UCLA should be transparent about discrepancies between professors, lecturers
(Rachel Bai/Daily Bruin)
By Pamela Rayburn
March 4, 2020 10:21 p.m.
UCLA instructors are world-renowned, but, with the rise of temporary work and the gig economy, lecturers are facing more and more uncertain odds.
There are two types of instructors at most universities – and the title matters.
Professors are tenure-track faculty, meaning they have consistent employment and benefits, such as health care. They teach some classes a year, but much of their work supplies the university with research that extends beyond teaching.
Lecturers are hired to teach courses, but with limited job security and inconsistent workloads. They don’t produce research for the university, and their main obligation is to teach undergraduate courses. Once these individuals enter a lecturer track, it can be very difficult to transition to a tenure-track position.
At UCLA, professor positions are far more profitable careers – but lecturers are often the people who provide students with the education necessary to graduate. But at a major research institution like UCLA, students often aren’t aware of the pay discrepancies between professors and lecturers. And while the university knows this is bad press, it has a responsibility to increase awareness about the distinction between lecturers and professors and call attention to the prejudices lecturers face without stigmatizing them.
Many UCLA lecturers have the same credentials as tenure-track faculty, but their compensation doesn’t reflect that.
“(At UCLA), teaching is not the main objective of being a professor – it’s the production of science or research,” said Wisam Alshaibi, a Ph.D. candidate in the sociology department. “So, teaching is seen as a second-order thing, especially undergraduate teaching.”
Not only are lecturers underpaid for their major contributions to the university’s mission of education, but they’re also underrepresented within their departments.
Professors regularly take part in departmental committees, which make important decisions such as whether to hire a particular candidate. In contrast, lecturers are largely excluded from these committees, despite having a stake in these decisions and, often, more interaction with the student body.
A journal article in New Directions for Institutional Research said nontenure-track faculty are not given much opportunity to integrate into departments, as they can be assigned classes last minute.
“(Lecturers) can be let go for any reason at the end of any (quarter); they’re only paid to teach,” said Trevor Griffey, a lecturer for the UCLA Institute for Research on Labor and Employment.
Many lecturers find it difficult to maintain a full-time course load, as the inconsistency of their contracts means they may teach full-time one quarter and barely part-time the next.

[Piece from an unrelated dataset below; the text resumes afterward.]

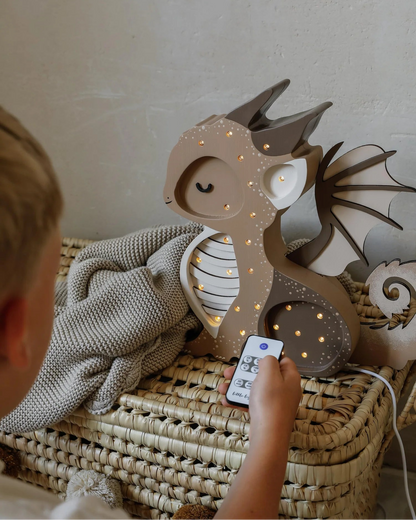 Little Lights Yövalo, Baby Dragon, Tiramisu Brown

“(A lecturer is) like a musician looking for gigs,” Alshaibi said. “If they have a Ph.D., then they did all of this work to get paid less than an Uber driver would make.”

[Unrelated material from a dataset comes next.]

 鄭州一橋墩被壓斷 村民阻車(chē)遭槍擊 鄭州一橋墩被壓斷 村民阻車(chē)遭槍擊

Lucrative tenure-track professor positions are being phased out in universities across the country, leaving lecturers with the responsibility of teaching a variety of upper- and lower-division courses.
And UCLA has been more than willing to exploit that desperation.
“There are far more people with Ph.D.s than there are tenure-track jobs to hire them,” Alshaibi said. “There are plenty of teaching positions because universities have more and more resorted to graduate student labor and lecturer labor to teach classes.”
And with this increased reliance comes a shift in the traditional makeup of the university.
Lecturers were historically intended to be an emergency measure, but since it was a financially viable way for universities to cut costs, they became increasingly common. According to The Journal of Higher Education, the number of lecturers with precarious job security has been increasing over the last 40 years or so.
Karl Lisovsky, a lecturer in Writing Programs at UCLA and president of the University Council-American Federation of Teachers, said lecturers do 30% to 50% of the teaching at the university.
“We think of ourselves as scholars and don’t so much think of ourselves as workers,” Lisovsky said. “However, the university does think of us as workers, and the further it slides into the business model of corporate workings, the more it behaves that way.”
But UCLA is in the unique position of being more than just a business.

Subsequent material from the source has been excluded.